▶
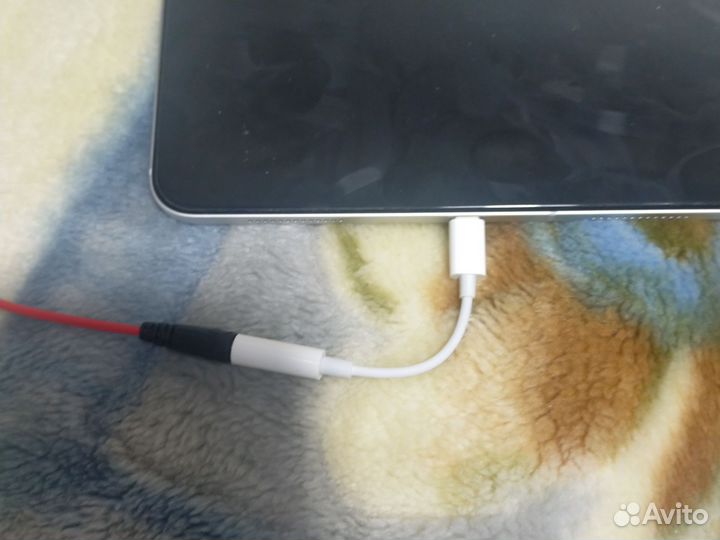 Адаптер type c (Новый)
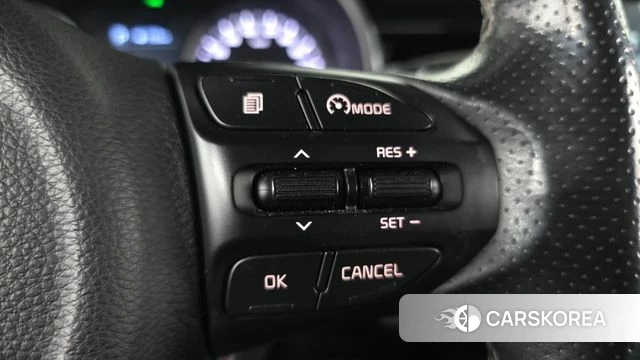 Kia Stonic id 4614702 из Кореи 7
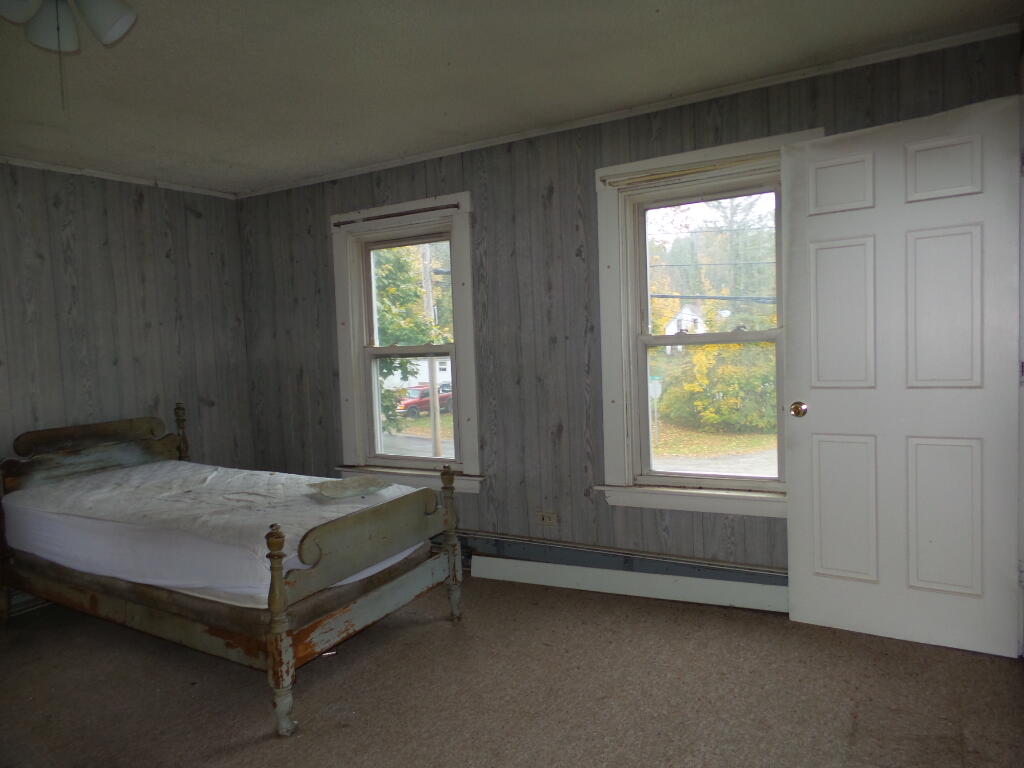 14 Lower Mills Road Madison, ME 04950 - Photo 10 of 14 Bedroom 2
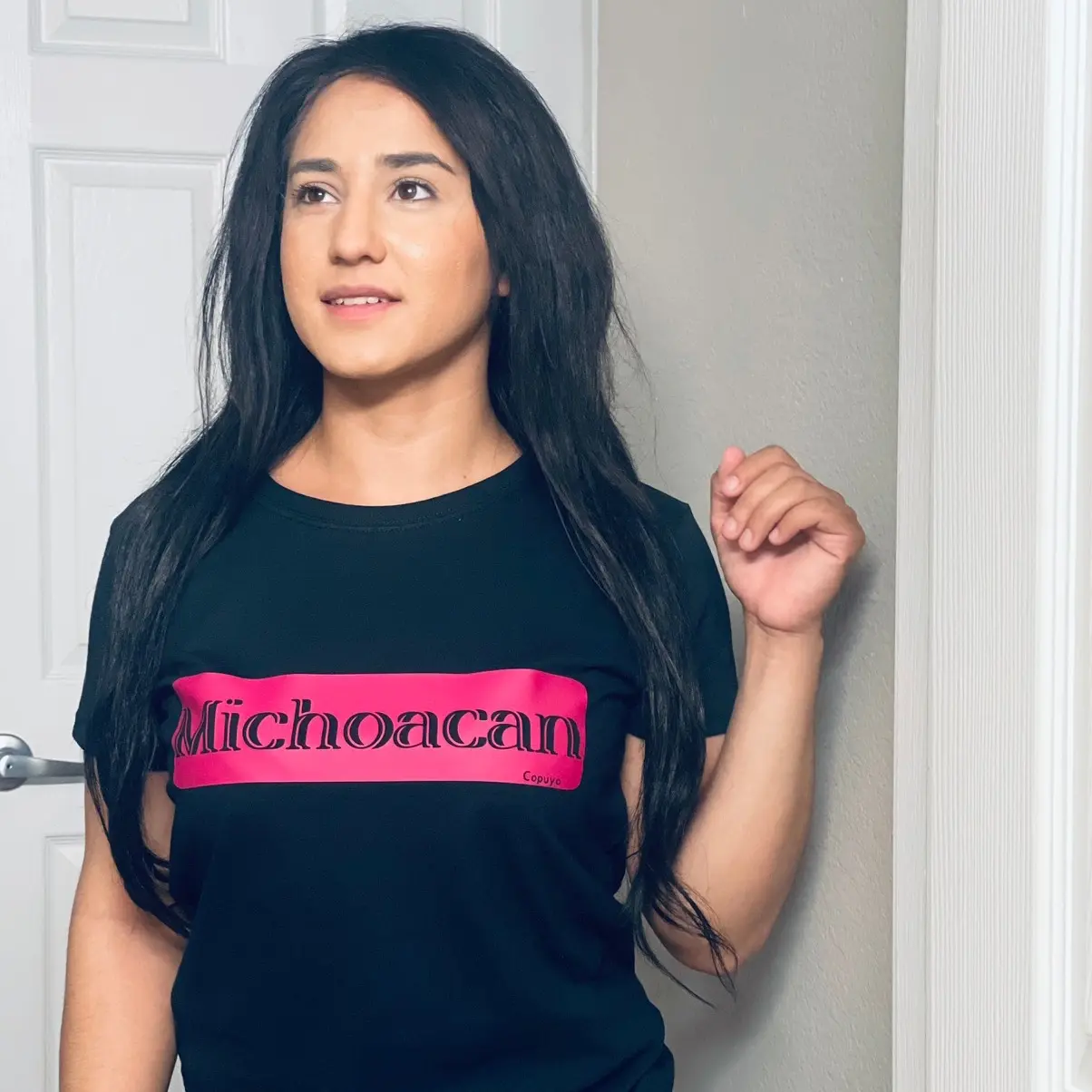 Michoacan Shirt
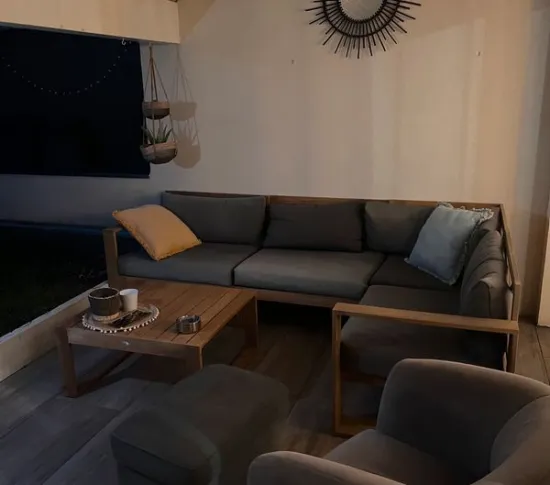 Location Vétraz-Monthoux Appartement 6824c4879fe03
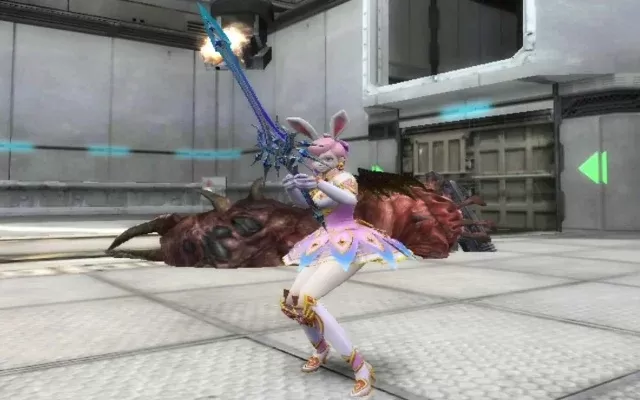 《反恐精英OL》堕落之源攻略：快速通关技巧与策略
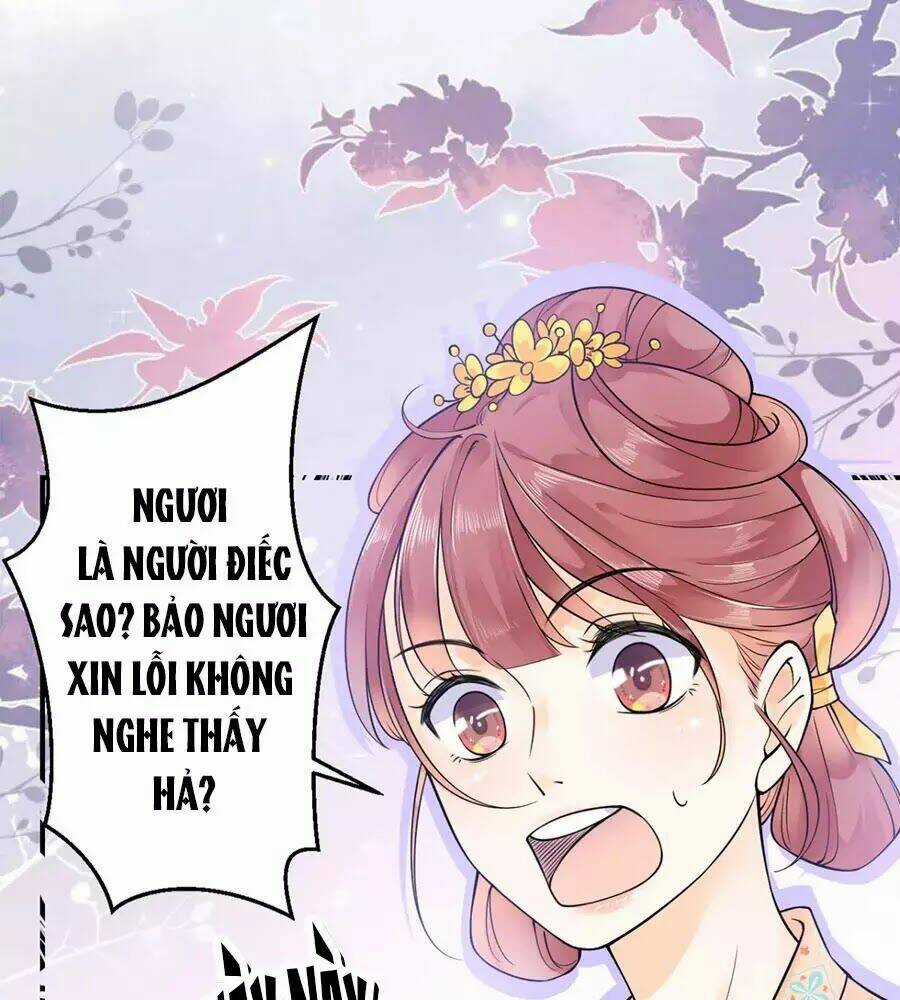 Tang Lạc Túy Tại Nam Phong Lý Chapter 4 trang 8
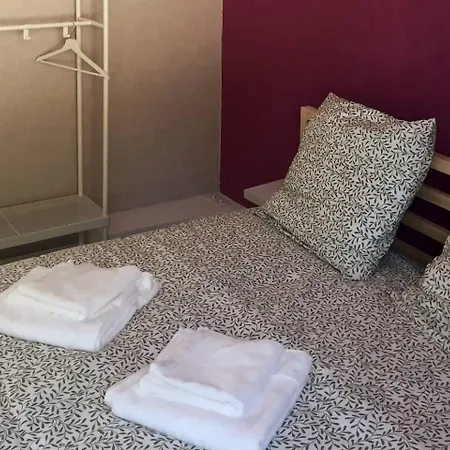 Lumineux / Vue Sur Parc Thermal Lejlighed Chamalières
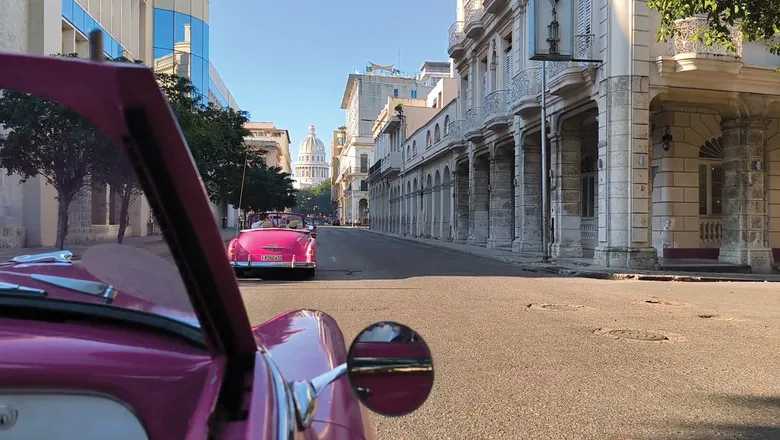 Disminuye entrada de visitantes internacionales a Cuba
◀
| TASK INSTRUCTIONS |
Lines before the one containing "Kia Stonic id 4614702 из Кореи 7" are not wanted; repeat that line and the rest of the listing exactly, leaving out pictures.

| EXERCISE RESPONSE |
 Kia Stonic id 4614702 из Кореи 7
 14 Lower Mills Road Madison, ME 04950 - Photo 10 of 14 Bedroom 2
 Michoacan Shirt
 Location Vétraz-Monthoux Appartement 6824c4879fe03
 《反恐精英OL》堕落之源攻略：快速通关技巧与策略
 Tang Lạc Túy Tại Nam Phong Lý Chapter 4 trang 8
 Lumineux / Vue Sur Parc Thermal Lejlighed Chamalières
 Disminuye entrada de visitantes internacionales a Cuba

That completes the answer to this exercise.